In this situation the slave is said to be in "catchup mode", this parameter is designed to both prevent flooding of that slave and also to prevent threads within MariaDB MaxScale spending disproportionate amounts of time with slaves that are lagging behind the master.

mariadb10-compatibility

This parameter allows binlogrouter to replicate from a MariaDB 10.0 master server: this parameter is enabled by default since MaxScale 2.2.0. In earlier versions the parameter was disabled by default.

Additionally, since MaxScale 2.2.1, MariaDB 10.x slave servers can connect to binlog server using GTID value instead of binlog name and position.

Example of a MariaDB 10.x slave connection to MaxScale

Note:

Slave servers can connect either with file and pos or GTID.
MaxScale saves all the incoming MariaDB GTIDs (DDLs and DMLs) in a sqlite3 database located in binlogdir (gtid_maps.db). When a slave server connects with a GTID request a lookup is made for the value match and following binlog events will be sent.

transaction_safety

This parameter is used to enable/disable incomplete transactions detection in binlog router. The default value is off.

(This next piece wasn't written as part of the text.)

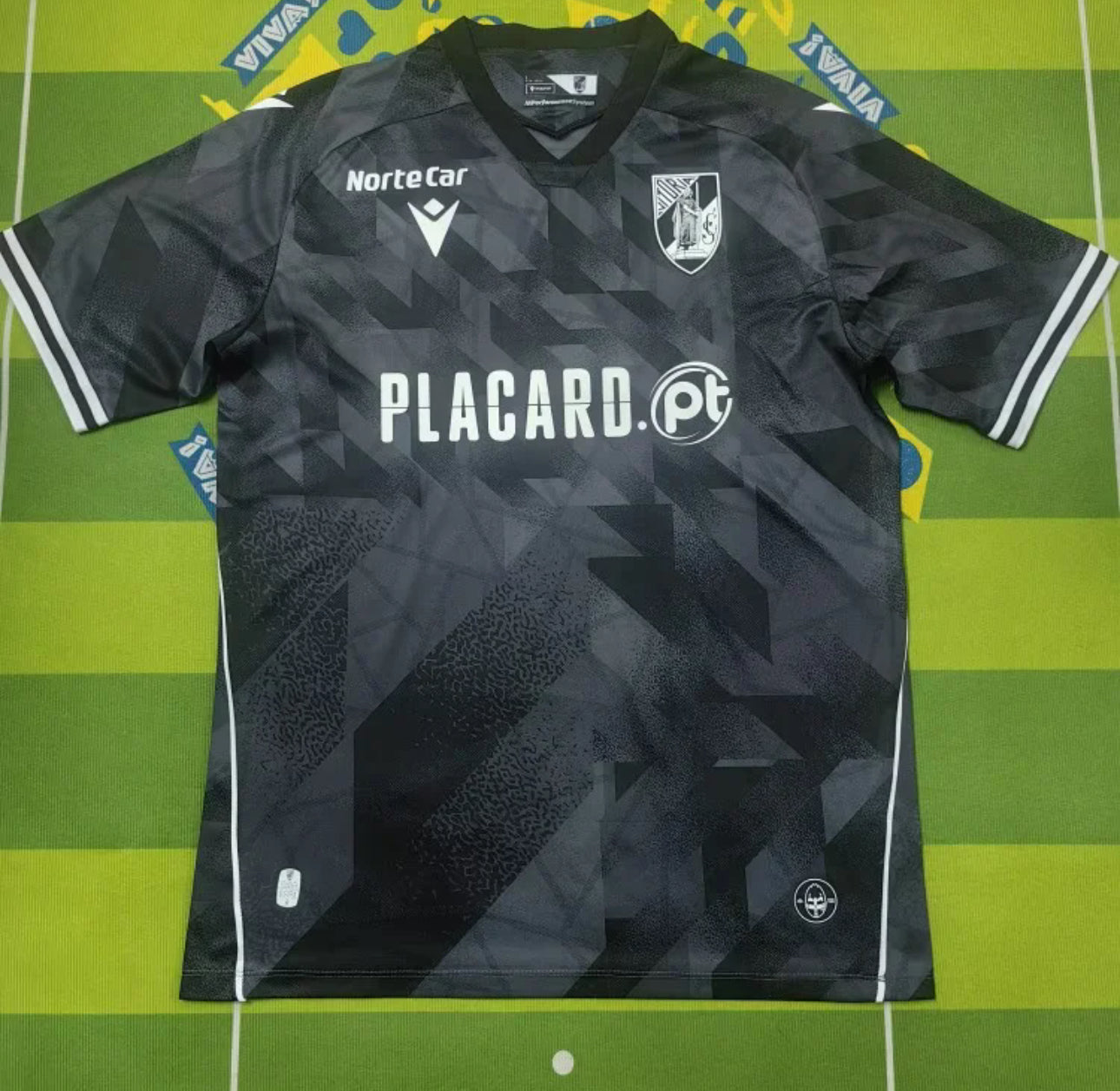 Footoriq Kits: La Zone Du Peuple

When MariaDB MaxScale starts an error message may appear if current binlog file is corrupted or an incomplete transaction is found. During normal operations binlog events are not distributed to the slaves until a COMMIT is seen. Set transaction_safety=on to enable detection of incomplete transactions.

send_slave_heartbeat

This defines whether MariaDB MaxScale sends the heartbeat packet to the slave when there are no real binlog events to send. This parameter takes a boolean value and the default value is false. This means that no heartbeat events are sent to slave servers.

If value is set to true the interval value (requested by the slave during registration) is reported in the diagnostic output and the packet is send after the time interval without any event to send.

semisync

This parameter controls whether binlog server could ask Master server to start the Semi-Synchronous replication. This parameter takes a boolean value and the default value is false.

In order to get semi-sync working, the Master server must have the_rpl_semi_sync_master_ plugin installed. The availability of the plugin and the value of the GLOBAL VARIABLE rpl_semi_sync_master_enabled are checked in the Master registration phase: if the plugin is installed in the Master database, the binlog server subsequently requests the semi-sync option.

Note:

the network replication stream from Master has two additional bytes before each binlog event.
the Semi-Sync protocol requires an acknowledge packet to be sent back to Master only when requested: the semi-sync flag will have value of 1. This flag is set only if rpl_semi_sync_master_enabled=1 is set in the Master, otherwise it will always have value of 0 and no ack packet is sent back.

Please note that semi-sync replication is only related to binlog server to Master communication.

ssl_cert_verification_depth

This parameter sets the maximum length of the certificate authority chain that will be accepted. Legal values are positive integers. This applies to SSL connection to master server that could be acivated either by writing options in master.ini or later via a CHANGE MASTER TO command. This parameter cannot be modified at runtime. The default verification depth is 9.

encrypt_binlog

Whether to encrypt binlog files: the default is off.

When set to on the binlog files will be encrypted using specified AES algorithm and the KEY in the specified key file.

Note: binlog encryption must be used while replicating from a MariaDB 10.1 server and serving data to MariaDB 10.x slaves. In order to use binlog encryption the master server MariaDB 10.1 must have encryption active (encrypt-binlog=1 in my.cnf). This is required because both master and maxscale must store encrypted data for a working scenario for Secure data-at-rest. Additionally, as long as Master server doesn't send the StartEncryption event (which contains encryption setup information for the binlog file), there is a position gap between end of FormatDescription event pos and next event start pos. The StartEncryption event size is 36 or 40 (depending on CRC32 being used), so the gap has that size.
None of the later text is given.